▶ _How to complete this task_
Output only the lines below from the one containing "3 bedroom Detached" to the one containing "2022 Toyota Landcruiser Gallery Image 4", exactly as written, both ends kept.

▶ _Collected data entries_

○ ○ ○ ○ ○ ○ ○

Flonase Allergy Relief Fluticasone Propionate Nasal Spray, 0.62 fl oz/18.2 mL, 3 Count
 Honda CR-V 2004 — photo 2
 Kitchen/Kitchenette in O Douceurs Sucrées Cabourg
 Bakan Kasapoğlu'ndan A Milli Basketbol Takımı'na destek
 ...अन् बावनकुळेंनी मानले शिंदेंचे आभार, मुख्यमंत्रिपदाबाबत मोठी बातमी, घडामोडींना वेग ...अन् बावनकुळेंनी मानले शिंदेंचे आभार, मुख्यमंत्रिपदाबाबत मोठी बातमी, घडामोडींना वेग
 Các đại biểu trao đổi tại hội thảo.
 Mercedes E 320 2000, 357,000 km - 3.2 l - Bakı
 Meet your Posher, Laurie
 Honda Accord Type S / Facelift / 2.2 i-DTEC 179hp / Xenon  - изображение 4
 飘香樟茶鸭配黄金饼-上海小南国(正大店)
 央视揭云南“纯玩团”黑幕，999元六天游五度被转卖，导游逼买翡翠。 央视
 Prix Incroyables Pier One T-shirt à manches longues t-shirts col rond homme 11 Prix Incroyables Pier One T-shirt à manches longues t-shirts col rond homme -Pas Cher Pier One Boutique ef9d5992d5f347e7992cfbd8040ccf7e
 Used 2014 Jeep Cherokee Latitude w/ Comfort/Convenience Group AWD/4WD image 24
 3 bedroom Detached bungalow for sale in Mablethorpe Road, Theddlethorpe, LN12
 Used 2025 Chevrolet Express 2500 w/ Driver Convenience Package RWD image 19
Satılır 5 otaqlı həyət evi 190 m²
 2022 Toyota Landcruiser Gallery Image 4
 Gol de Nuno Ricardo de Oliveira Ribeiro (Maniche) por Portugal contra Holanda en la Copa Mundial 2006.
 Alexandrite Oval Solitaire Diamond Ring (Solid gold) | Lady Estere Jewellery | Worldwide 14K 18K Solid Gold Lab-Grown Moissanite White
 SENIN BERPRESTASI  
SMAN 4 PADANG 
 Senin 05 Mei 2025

○ ○ ○ ○ ○ ○ ○

▶ _Exercise output_
 3 bedroom Detached bungalow for sale in Mablethorpe Road, Theddlethorpe, LN12
 Used 2025 Chevrolet Express 2500 w/ Driver Convenience Package RWD image 19
Satılır 5 otaqlı həyət evi 190 m²
 2022 Toyota Landcruiser Gallery Image 4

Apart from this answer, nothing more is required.